[Dataset entries]
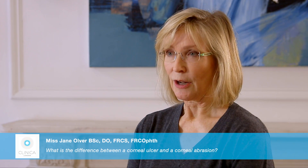It means that the very fine, highly sensitive layer on the cornea, called the epithelium, abrades off. And because the cornea, which is the clear part at the front of the eye, is so sensitive, it becomes very painful.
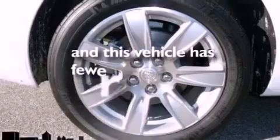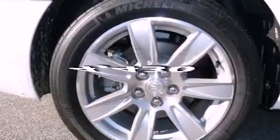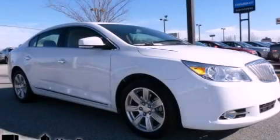This vehicle has fewer than 5,000 miles on the odometer. This vehicle won't last long at this price — call and arrange a test drive now.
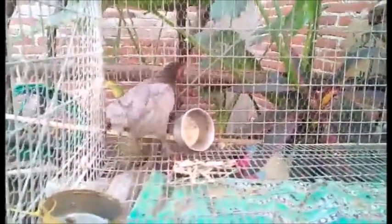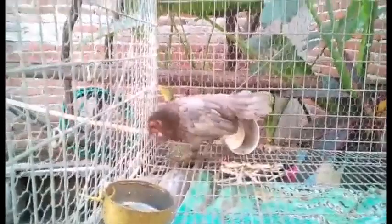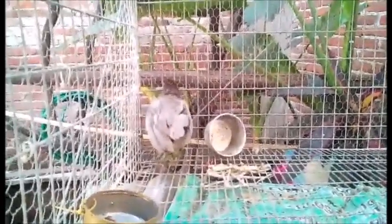Y bueno, a pesar de tanto tiempo ya está con nosotros, ya rompió postura, ya puso sus dos huevos. El primer huevo fue un huevito chiquito, ya el segundo estuvo un poquito normal, tamaño normal. Y bueno, ya está lista en cierto punto para poner huevos.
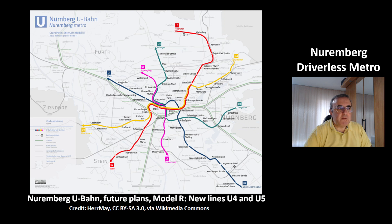This is a picture of possible future plans for the Nuremberg metro, showing two more lines: the yellow line U4 and the pink line U5. That is a possible future for this metro system. That was today's video about Nuremberg's driverless metro. Thank you for watching. Have a nice day. Bye bye.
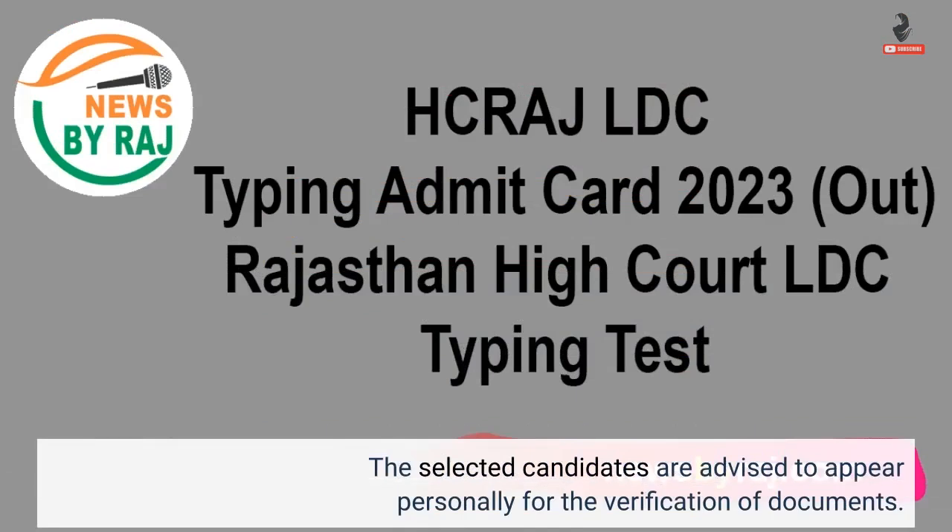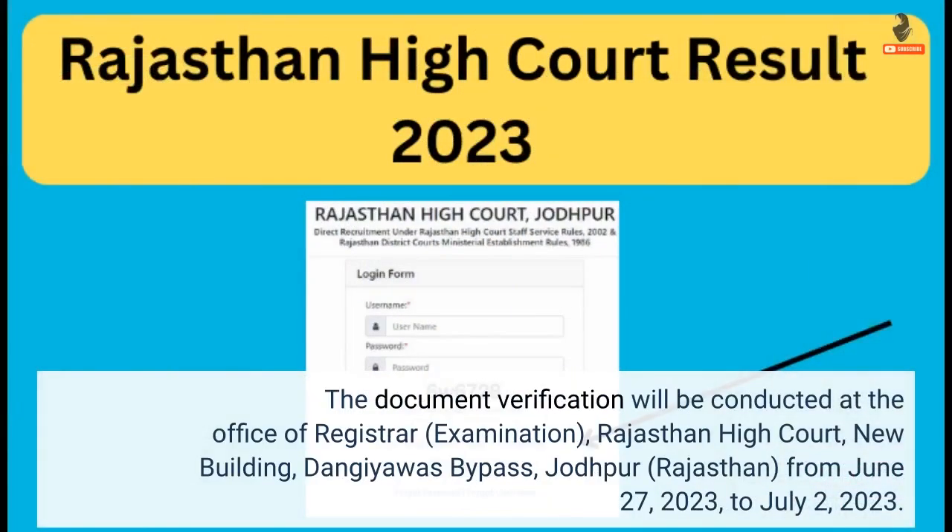The selected candidates are advised to appear personally for the verification of documents. The document verification will be conducted at the Office of Registrar, Examination, Rajasthan High Court, New Building, Dangiavas Bypass, Jodhpur, Rajasthan, from 27th June 2023 to 2nd July 2023.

◆ Required action ◆
Once the pictures are removed, output the entries above exactly as given.

◆ Result for this exercise ◆
It means that the very fine, highly sensitive layer on the cornea, called the epithelium, abrades off. And because the cornea, which is the clear part at the front of the eye, is so sensitive, it becomes very painful.
This vehicle has fewer than 5,000 miles on the odometer. This vehicle won't last long at this price — call and arrange a test drive now.
Y bueno, a pesar de tanto tiempo ya está con nosotros, ya rompió postura, ya puso sus dos huevos. El primer huevo fue un huevito chiquito, ya el segundo estuvo un poquito normal, tamaño normal. Y bueno, ya está lista en cierto punto para poner huevos.
This is a picture of possible future plans for the Nuremberg metro, showing two more lines: the yellow line U4 and the pink line U5. That is a possible future for this metro system. That was today's video about Nuremberg's driverless metro. Thank you for watching. Have a nice day. Bye bye.
The selected candidates are advised to appear personally for the verification of documents. The document verification will be conducted at the Office of Registrar, Examination, Rajasthan High Court, New Building, Dangiavas Bypass, Jodhpur, Rajasthan, from 27th June 2023 to 2nd July 2023.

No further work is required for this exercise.